It looks like the Apple Watch is just as problematic as it is popular.
When the most-coveted smartwatch was first launched Apple fanatics were surprised to find out that the high-tech watch they’ve all been waiting for has sold out even before it hit the shelves.
Meanwhile, some of the very few who managed to get their hands on the recently launched gadget also found themselves surprised, when it was found the Apple Watches don’t work on tattooed skin.
Now another problem appears to have come forth, as users complain that Apple’s smartwatch doesn’t appear to be as secure as it first seemed, or as consumers expected it to be.
Numerous Apple Watch users were surprised to know that wiping the data clean off the smartwatch can be done as easily as holding down the power button and resetting the device completely— overriding the smartwatch’s password in the process.
Apple Watch’s security fail is a far cry from the iPhone’s security feature, which lets users require passwords for anything they want to get done on the smartphone.

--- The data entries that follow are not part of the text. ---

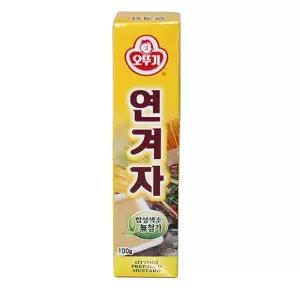 오뚜기 연겨자 튜브 100g 오뚜기 연겨자 튜브겨자 겨자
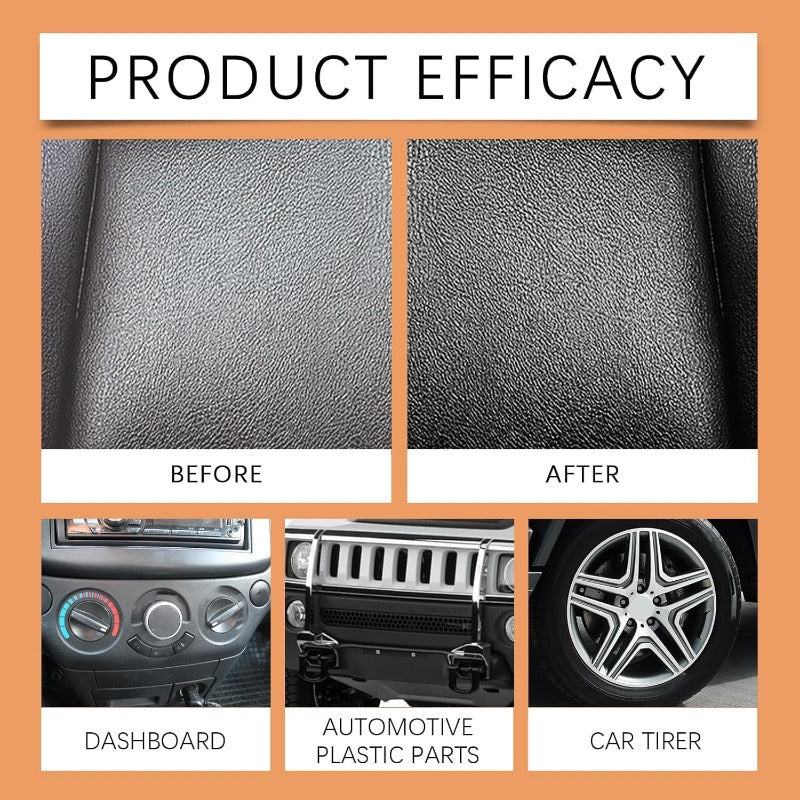 Instant Auto Plastic Restorer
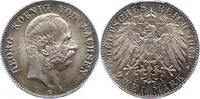 Sachsen 2 Mark Georg 1902-1904. -
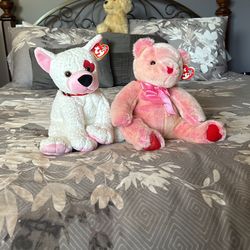 Two Large Ty Beanie Babies 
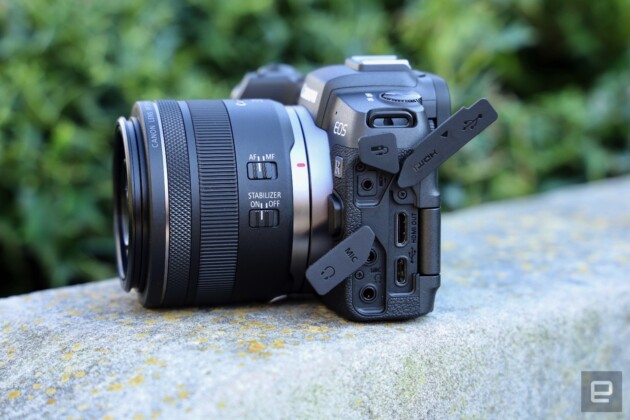 Canon ra mắt EOS RP, định dạng Mirrorless Full-frame giá từ $1299
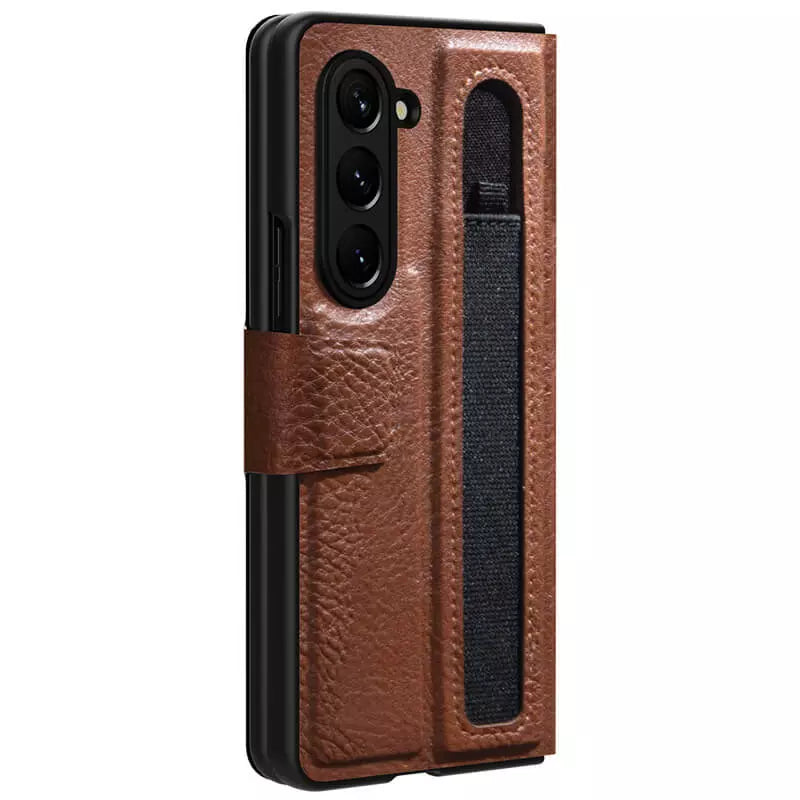 Samsung Galaxy Z Fold 6 Nillkin Aoge Leather Cover Case Cover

The data on Apple’s iPhones can be wiped clean remotely, and users are in many ways protected by the device’s Find My iPhone security feature.

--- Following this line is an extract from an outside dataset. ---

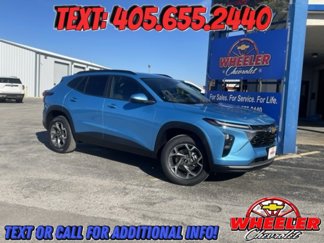 New 2025 Chevrolet Trax LT w/ Driver Confidence Package image 1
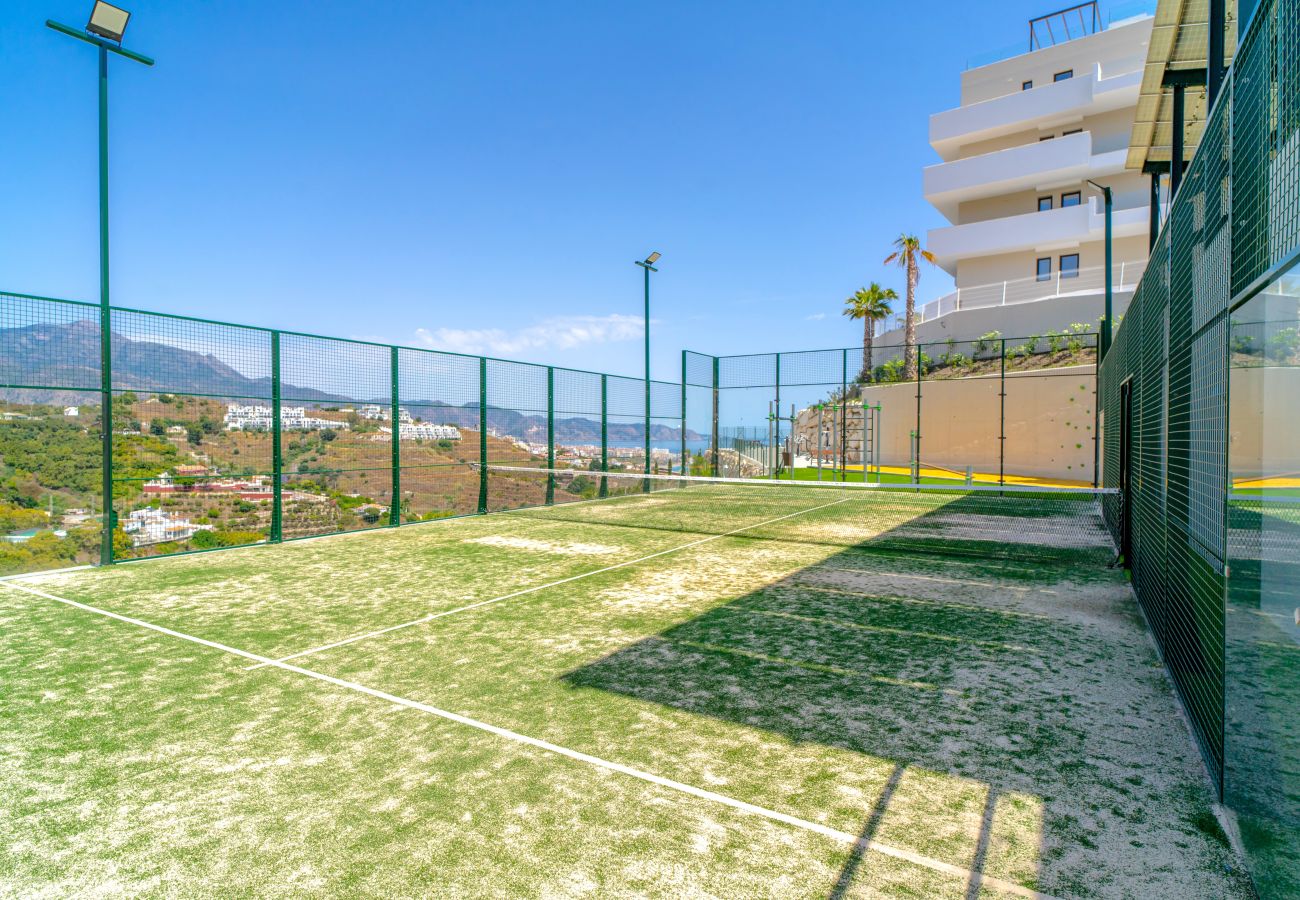Appartement in Torrox - Bayview Hills Premium Pool Suite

iPhone users can simply deactivate their phones to prevent anyone from using it, rendering the device virtually useless to anyone who dares steal it.

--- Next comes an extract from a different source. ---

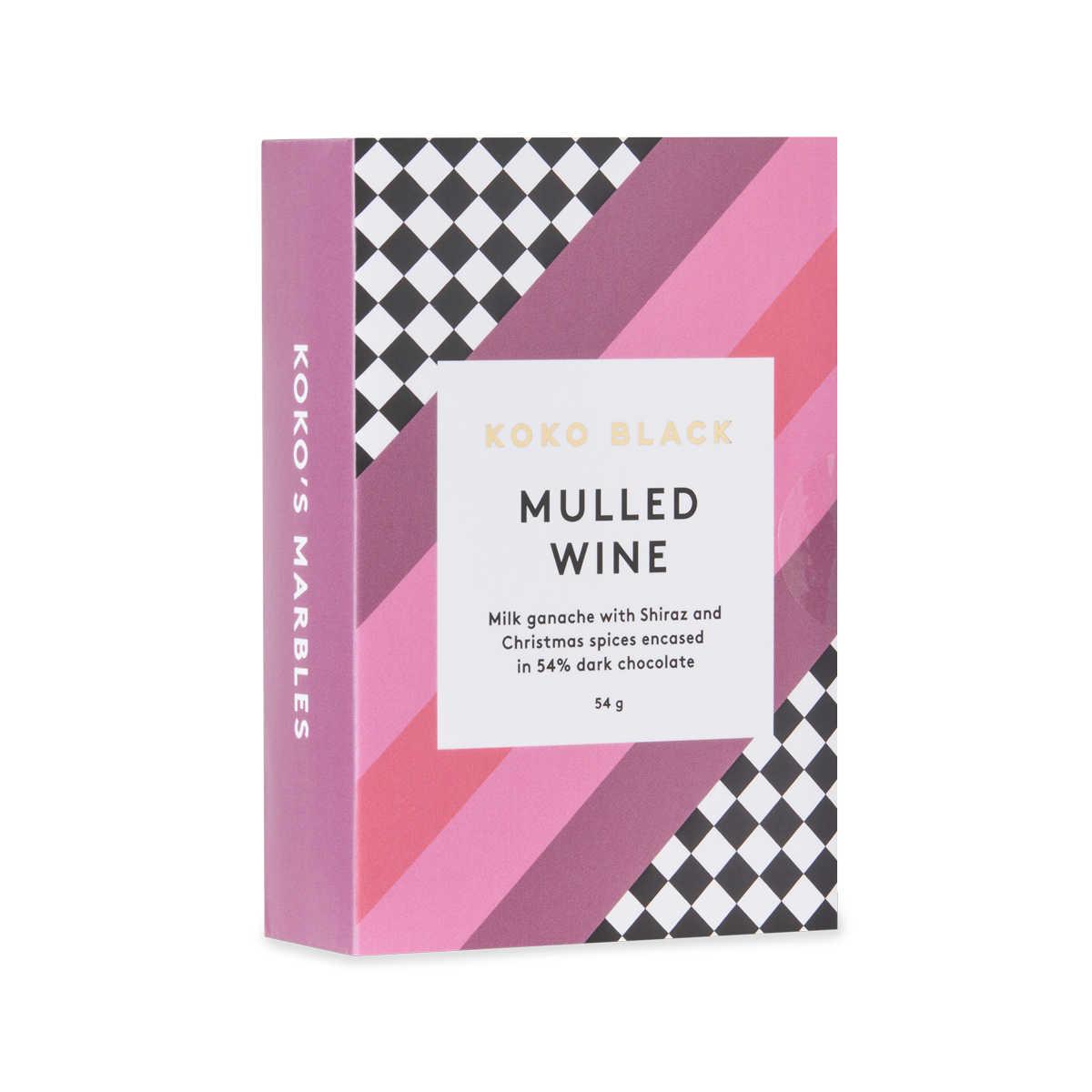 Mulled Wine Marbles | Dark Chocolate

The iPhone’s security feature is so effective that local authorities in San Francisco saw a 40% drop in theft cases related to Apple’s smartphones from last year alone, as compared to iPhone theft incidents in 2013.
Law enforcement agencies have also come to recognize that the iOS’ new security feature reduces risk of iDevices-related thefts.
The Apple Watch, on the other hand, has very low security. Even though the device can be equipped with a password, this type of security measure is just far from what tech users would call secure.
For reasons yet unknown, Apple has decided not to equip their first-ever smartwatches with the added security measures that the company has long used to protect their iPhone users— but analysts reckon it could be because the Apple Watch does not really connect to Wi-Fi or cellular networks on its own.
Instead, the watch connects to the user’s iPhone via Bluetooth, and all the data that the Apple Watch receives are completely dependent on the data that the iPhone sends it.
If the user’s iPhone is not connected to the internet, inevitably, so is the Apple Watch.
Meanwhile, Apple chose to stay mum amid all the problems that their first-ever smartwatch has apparently been giving its users.